- _WHAT THE TASK REQUIRES_
Reproduce every entry below precisely; do not include the pictures.

- _Short text fragments from websites_
-*-*-

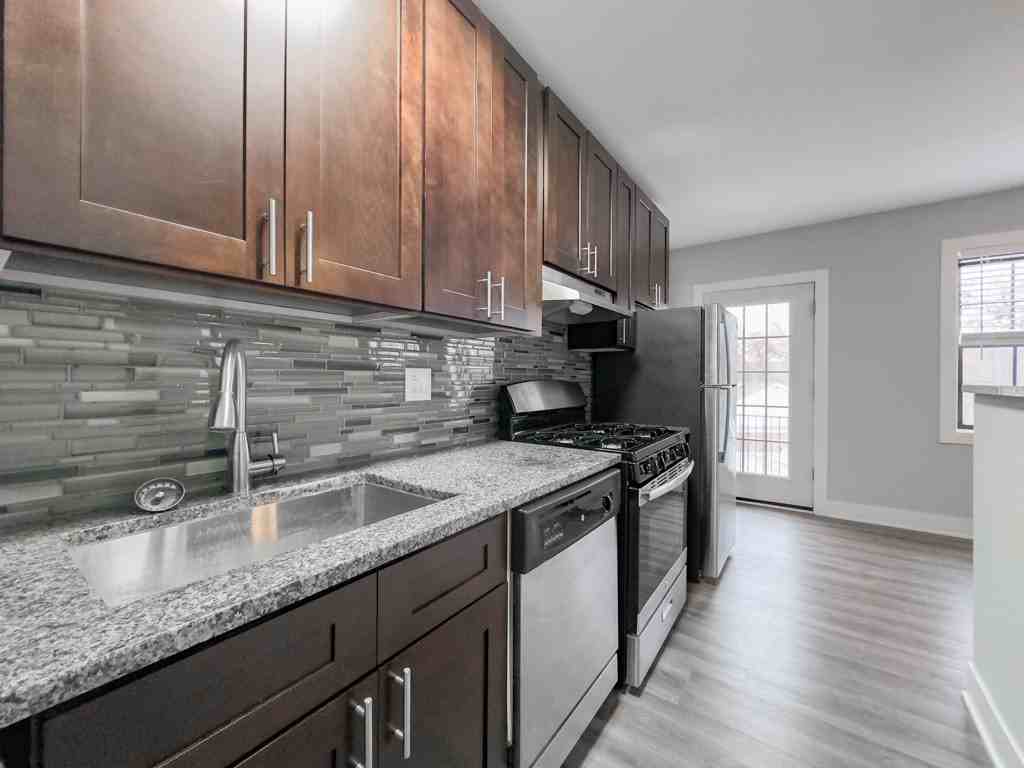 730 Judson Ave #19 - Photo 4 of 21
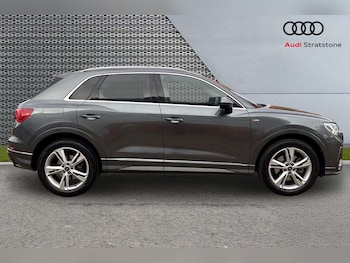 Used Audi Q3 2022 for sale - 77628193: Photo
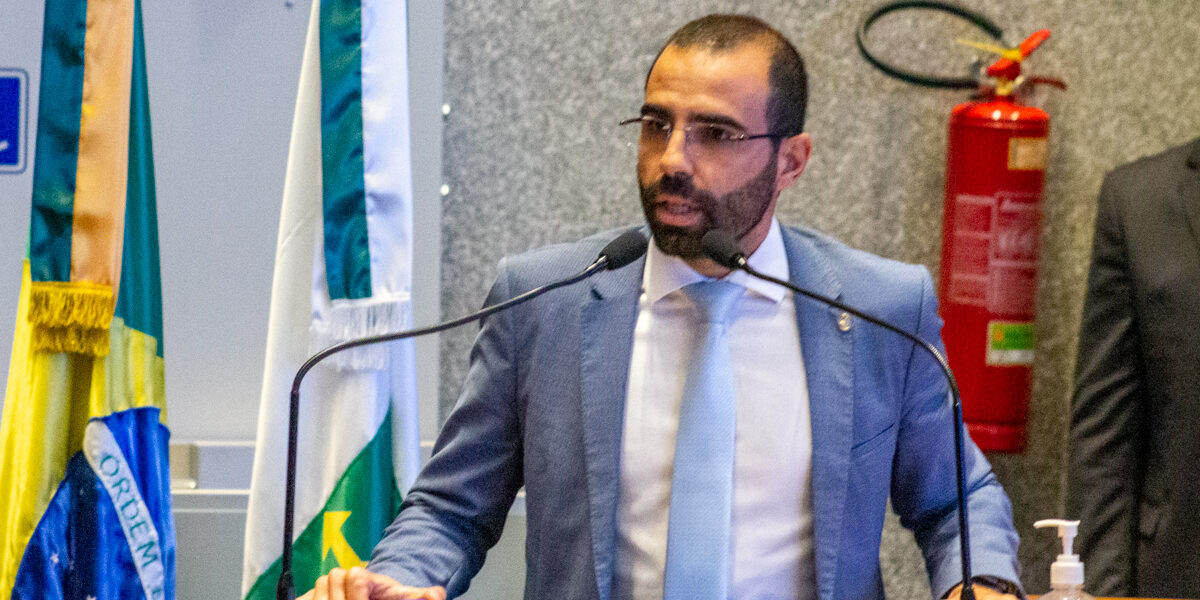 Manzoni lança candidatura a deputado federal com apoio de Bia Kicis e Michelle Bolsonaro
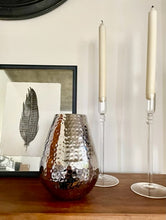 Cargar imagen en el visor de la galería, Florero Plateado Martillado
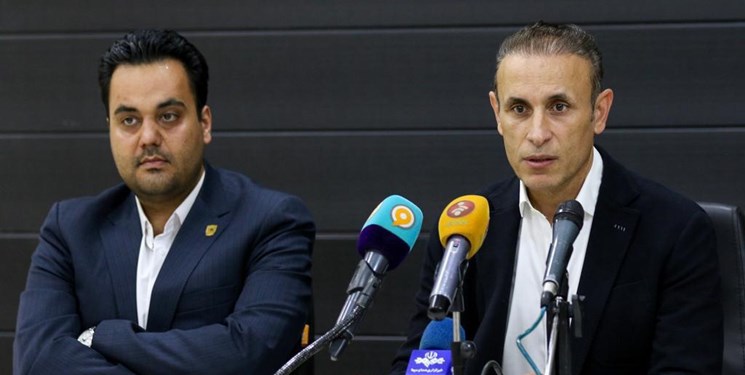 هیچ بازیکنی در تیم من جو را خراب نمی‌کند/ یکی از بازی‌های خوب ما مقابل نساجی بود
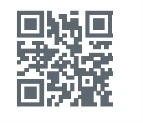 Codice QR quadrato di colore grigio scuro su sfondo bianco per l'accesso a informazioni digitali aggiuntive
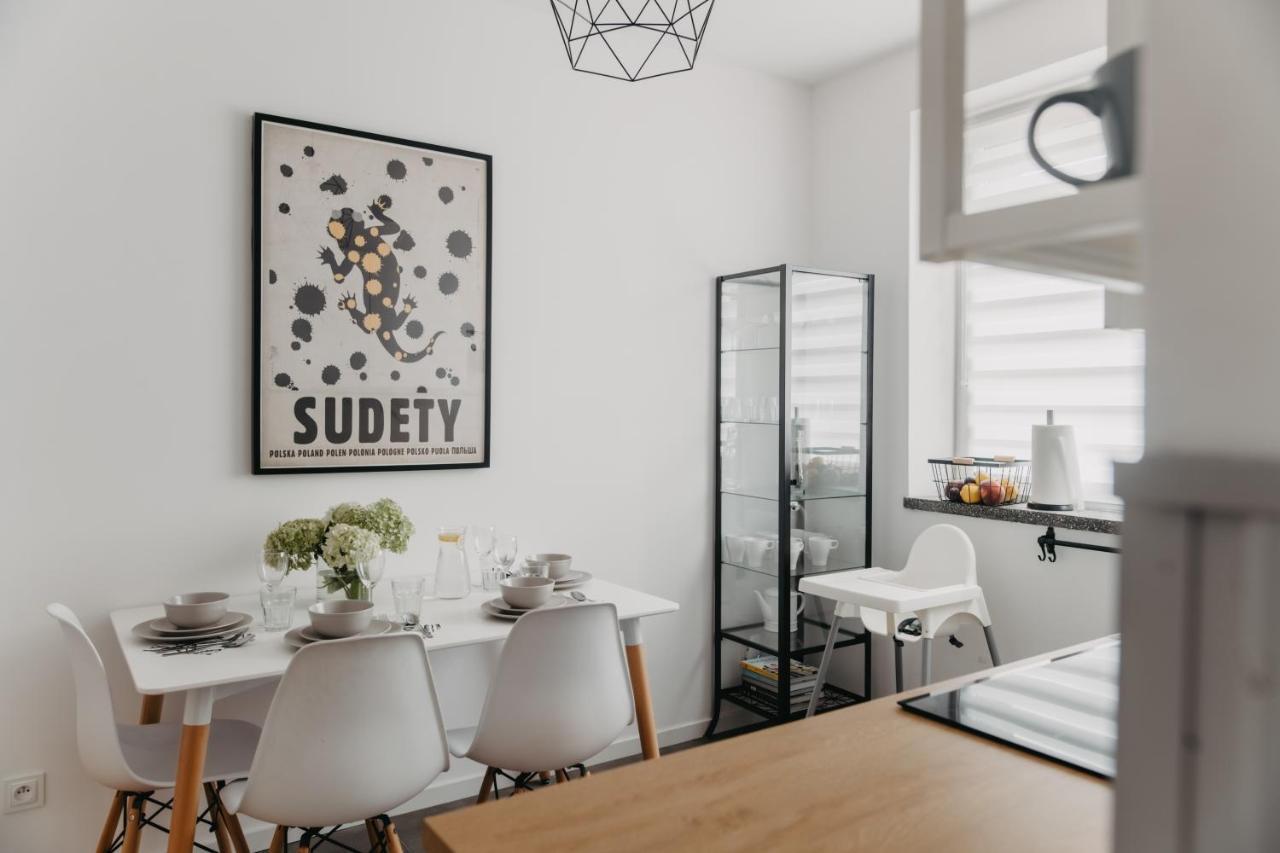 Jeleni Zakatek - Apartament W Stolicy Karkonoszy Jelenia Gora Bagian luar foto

-*-*-

- _WORKED SOLUTION_
 730 Judson Ave #19 - Photo 4 of 21
 Used Audi Q3 2022 for sale - 77628193: Photo
 Manzoni lança candidatura a deputado federal com apoio de Bia Kicis e Michelle Bolsonaro
 Cargar imagen en el visor de la galería, Florero Plateado Martillado
 هیچ بازیکنی در تیم من جو را خراب نمی‌کند/ یکی از بازی‌های خوب ما مقابل نساجی بود
 Codice QR quadrato di colore grigio scuro su sfondo bianco per l'accesso a informazioni digitali aggiuntive
 Jeleni Zakatek - Apartament W Stolicy Karkonoszy Jelenia Gora Bagian luar foto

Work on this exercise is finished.